Although I am partial to discounted cash flows to value shares, the market approach for REITs is Price/Funds From Operations (FFO). FFO is essentially the REIT cash flow and Alpine publishes this metric in its annual report. In the second quarter 2023, the company’s FFO outlook was revised to $1.52-$1.55. Below is a list of price to FFO multiples for 13 different publicly listed retail REITs of various market caps. The average for this group was 13.75.
Alpine’s current share price is $17.62, which at a projected FFO of $1.55 is equal to a price/FFO multiple of 10.0, exceptionally low compared to other REITS. Below is a chart of retail REITs that are similar in strategy to Alpine, and considered its peers, including Agree Realty (ADC) and Four Corners Trust (FCPT). The average multiple for this group is 15.8. If we assume Alpine’s number should be between 13.75 and 15.8, or let’s say about 14.5, then the value of its share should be $22.48 using a FFO number of $1.55. At the lower multiple of 13.75, shares should trade at $21.31. At the current price of $17.62, shares are easily 15-20% undervalued.

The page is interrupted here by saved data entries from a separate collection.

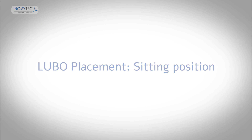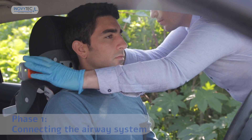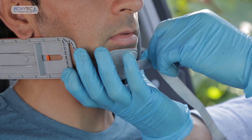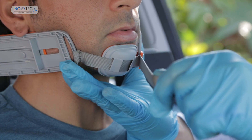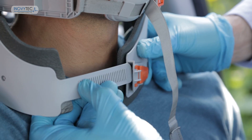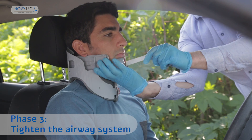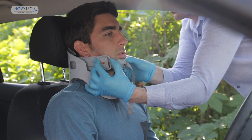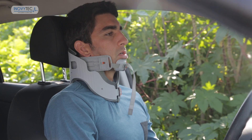Sitting position. When using the Lubo on a patient who is sitting in an upright position, make sure to hold both mandible cups with one hand while the other hand is used for attaching the hook to the left arm. Then use the ratchet system and lock the collar in place. Readjust the chin strap and pull the mandibles to the forward position to open the airway. Once the airway is secured, the patient can be transported to the hospital.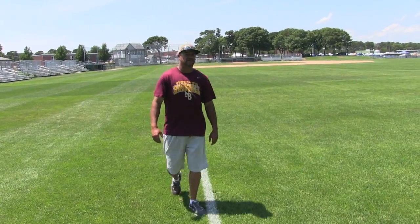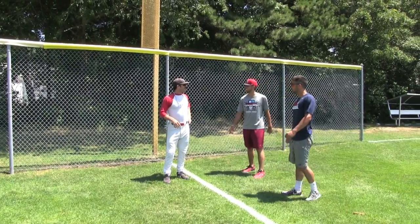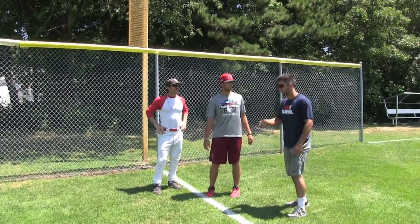What number you guys on? Oh, we're like eight or ten. Guys, we're at four. All right, let's go.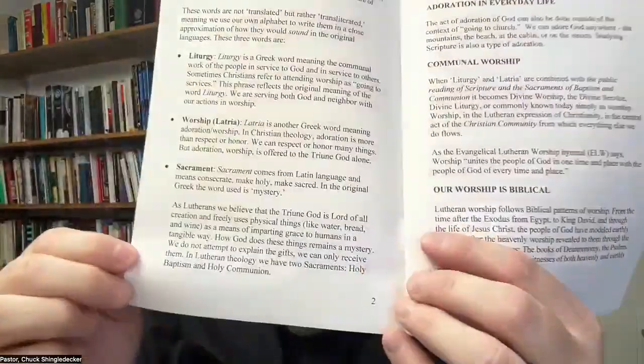But first, because the question is about worship, I want to talk about this little booklet that I wrote: An Introduction to Christian Worship, by Reverend Chuck Schengeldecker. It is basically a brief explanation of what Christian worship is. Inside, it has explanations about different words you might hear in church — particularly if you're not a regular churchgoer, you might hear words like liturgy or sacrament and wonder what those words mean. Why do church people use all these weird words that no one else uses in daily life?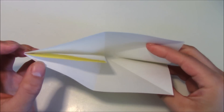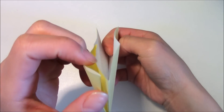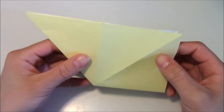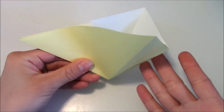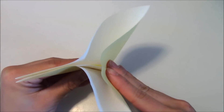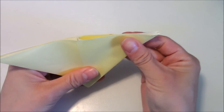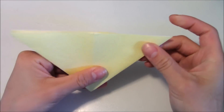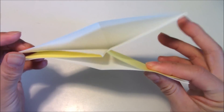It should look like this from this end and like this from the side. Then what you're going to do is you're going to push inwards on the right side towards the center like this. And once you do that, you should be able to flatten it to form a triangle shape, just like that.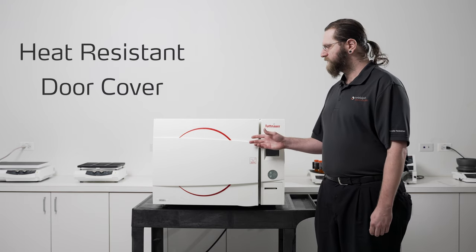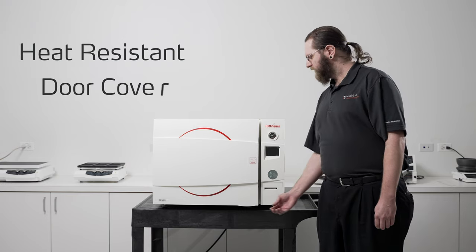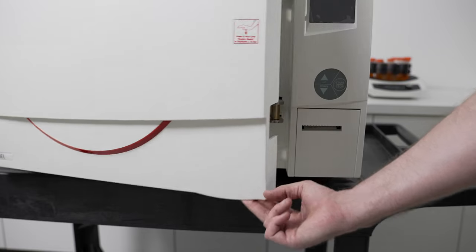Next I'd like to talk about the plastic door cover. It's made of a heat resistant plastic. When opening the door, please open it from the bottom with the recessed handle.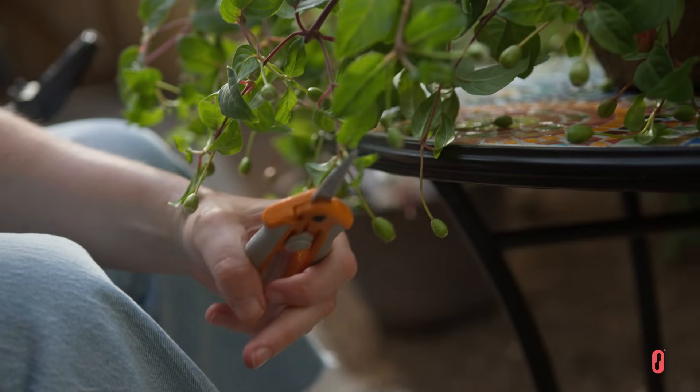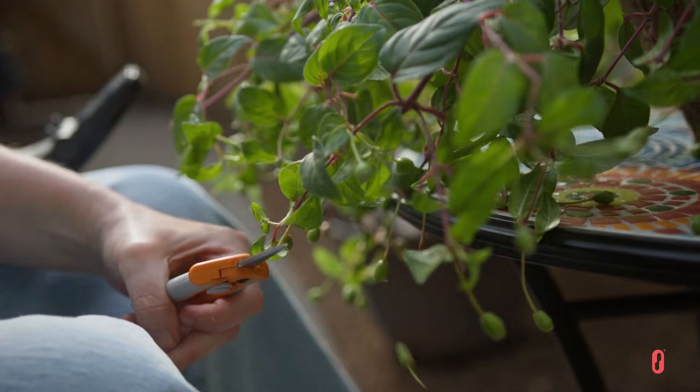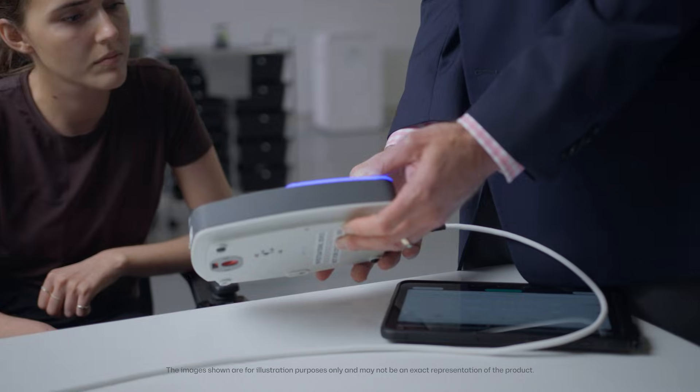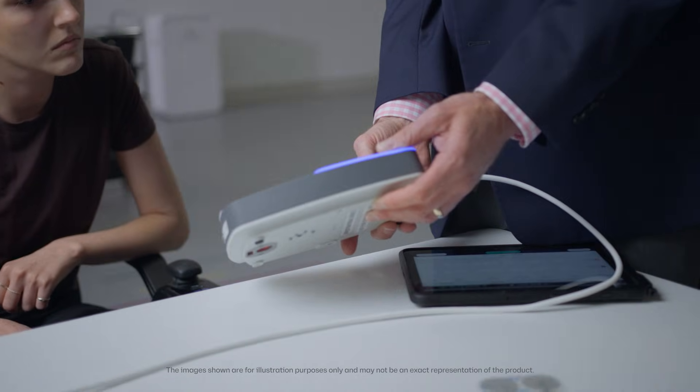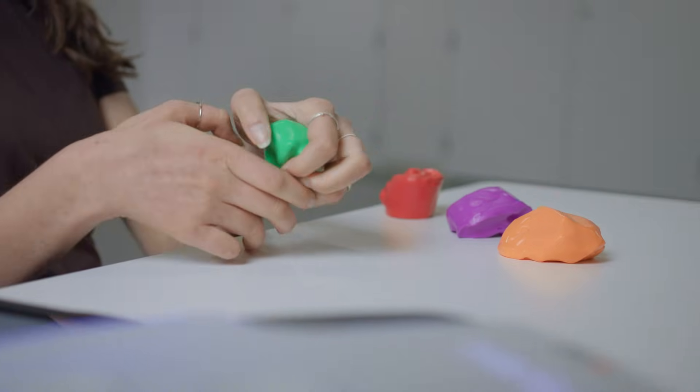The system is designed to be used while you're practising daily activities using your arms and hands. During rehabilitation sessions in the clinic, your healthcare provider will personalise the stimulation settings to your individual goals, which may take a few sessions.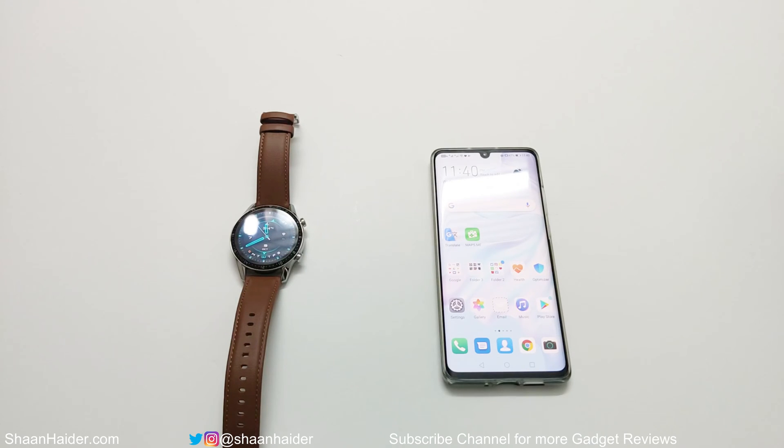What's up guys, this is Sean Heather, and in this video I'm going to show you how to perform a hard reset or factory reset on your Huawei Watch GT2 if you want to start fresh with your smartwatch. So let's start.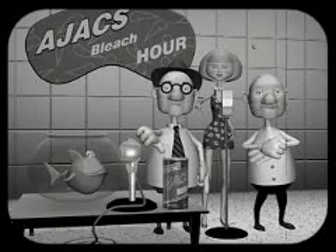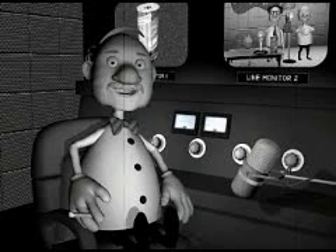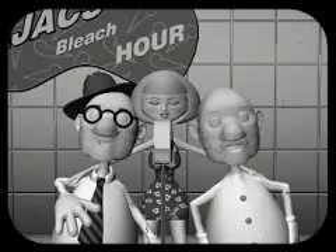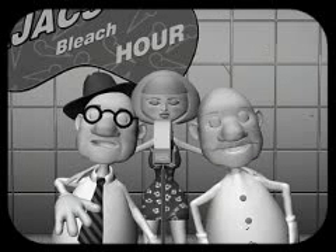Floats the dirt right down the drain. My gosh, they're right. Foaming action Ajax makes even the dirtiest pan shine like new in a jiffy. So use Ajax!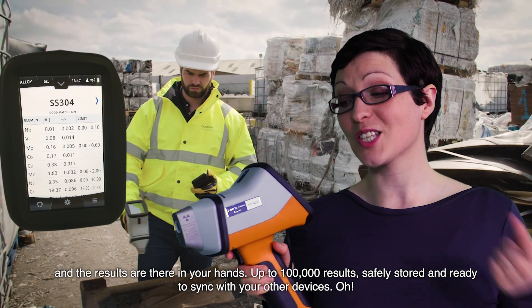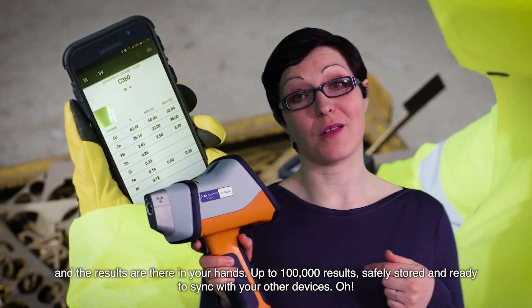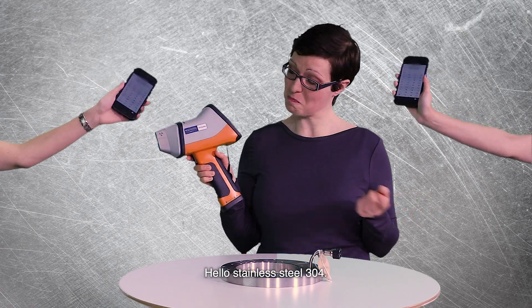Up to 100,000 results safely stored and ready to sync with your other devices. Hello, stainless steel 304. I've got your numbers.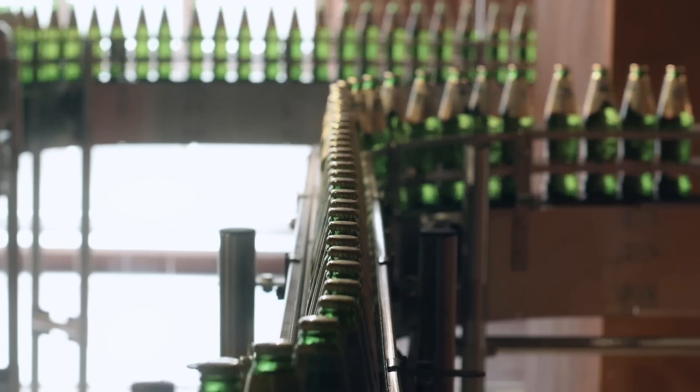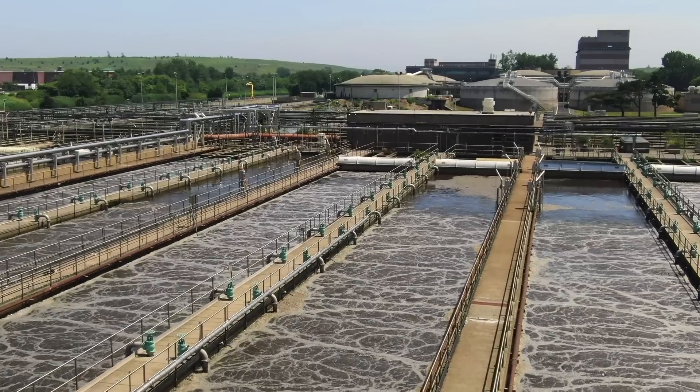Additional applications include industrial process water, raw water influent and filtration, and wastewater effluent applications.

The dividend yield is currently 6.32%. This is significantly higher than most of Alpine’s peer group, which have yields of 4.0-5.0%. Alpine’s first payment was December 2019 in the amount of $0.06. Alpine’s dividend was $0.658 in 2019, $0.82 in 2020, $1.015 in 2021, and $1.09 in 2022. I calculate an annual compound growth rate of 13.4%.
There have been two dividends paid in 2023, at $0.275 per quarter and there should be an increase in the next quarter or the fourth quarter. The dividend payout ratio has varied from 63.0% to 66.7% of FFO and for 2023 the company is estimating a higher payout of 72.0%, still well within industry norms and easily covered.
Risks to Outlook
My initial concern with this company was the percentage of non-investment grade tenants at the end of 2022, about 10% of the total square footage. However, Alpine began addressing this in 2023 by divesting of most of its Academy Sports spaces and rotating into Starbucks and Marshalls and adding more space leased to Lowe’s. These are all investment grade tenants. Alpine needs to continue this trend, but I think the company is taking the right steps. My other concern is that the remaining lease duration is 7.6 years, which in an ideal world would be longer. While more leases will start expiring after 2030, many of Alpine’s tenants are likely to have multiple five year renewal options, so I look at this risk as not being excessive.
I see Alpine as a dividend income play, paying 6.3% today and increasing next quarter. Getting in at the right point might give you some meaningful share price appreciation in the future. Using a Price/FFO metric, shares are as much as 20% undervalued compared to peers at their current $17.62 level (as of this writing). Alpine is well managed and has been steering its retail mix toward more investment grade companies like Lowe’s, Marshalls, Starbucks and Chik-Fil-A . I believe the stock is currently a smart buy for dividend investors.